This is our current distillation of the sharp left turn threat model and an attempt to make it more concrete. We will discuss our understanding of the claims made in this threat model, and propose some mechanisms for how a sharp left turn could happen. This is a work in progress, and we welcome feedback and corrections.
What are the main claims of the “sharp left turn” threat model?
Claim 1. Capabilities will generalize far (i.e., to many domains)
There is an AI system that:
Performs well: it can accomplish impressive feats, or achieve high scores on valuable metrics.
Generalizes, i.e., performs well in new domains, which were not optimized for during training, with no domain-specific tuning.

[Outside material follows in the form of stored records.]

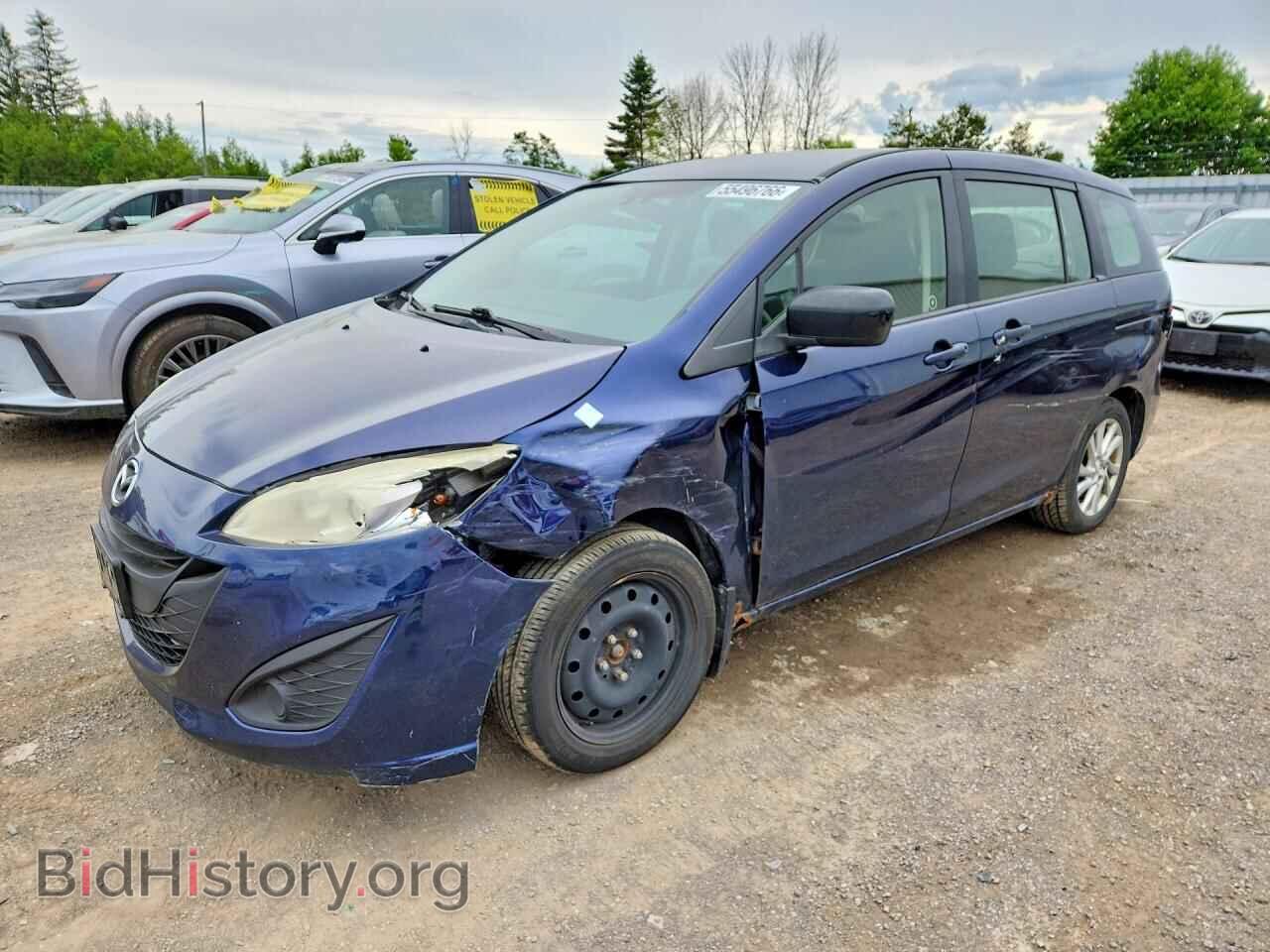 Фотография JM1CW2CLXC0126142 - MAZDA 5 2012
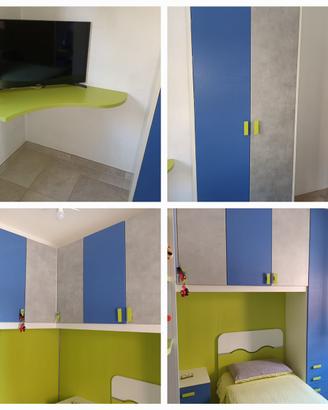 🏠 CAMERETTA A PONTE COMPLETA – COME NUOVA!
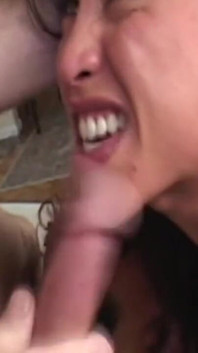 Brunette Babe Fingered Hard to Explosive Orgasm by BBC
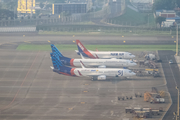 Sriwijaya Air Boeing 737-9LP(ER) (PK-CMO) at  Jakarta - Soekarno-Hatta International, Indonesia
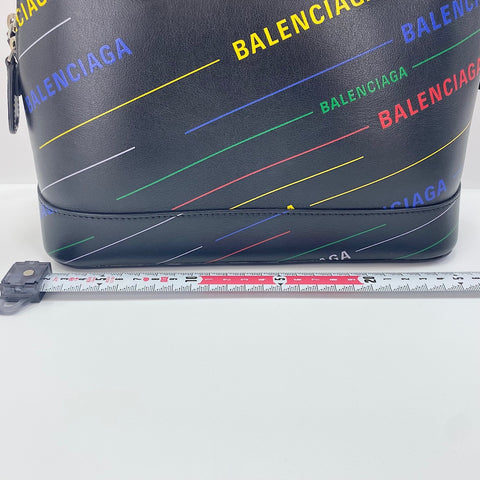 BALENCIAGA 2WAY Handbag black WS30541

Generalization is a key component of this threat model because we’re not going to directly train an AI system for the task of disempowering humanity, so for the system to be good at this task, the capabilities it develops during training need to be more broadly applicable.
Some optional sub-claims can be made that increase the risk level of the threat model:
Claim 1a [Optional]: Capabilities (in different “domains”) will all generalize at the same time
Claim 1b [Optional]: Capabilities will generalize far in a discrete phase transition (rather than continuously)
Claim 2. Alignment techniques that worked previously will fail during this transition
Qualitatively different alignment techniques are needed. The ways the techniques work apply to earlier versions of the AI technology, but not to the new version because the new version gets its capability through something new, or jumps to a qualitatively higher capability level (even if through “scaling” the same mechanisms).
Claim 3: Humans can’t intervene to prevent or align this transition
Path 1: humans don’t notice because it’s too fast (or they aren’t paying attention)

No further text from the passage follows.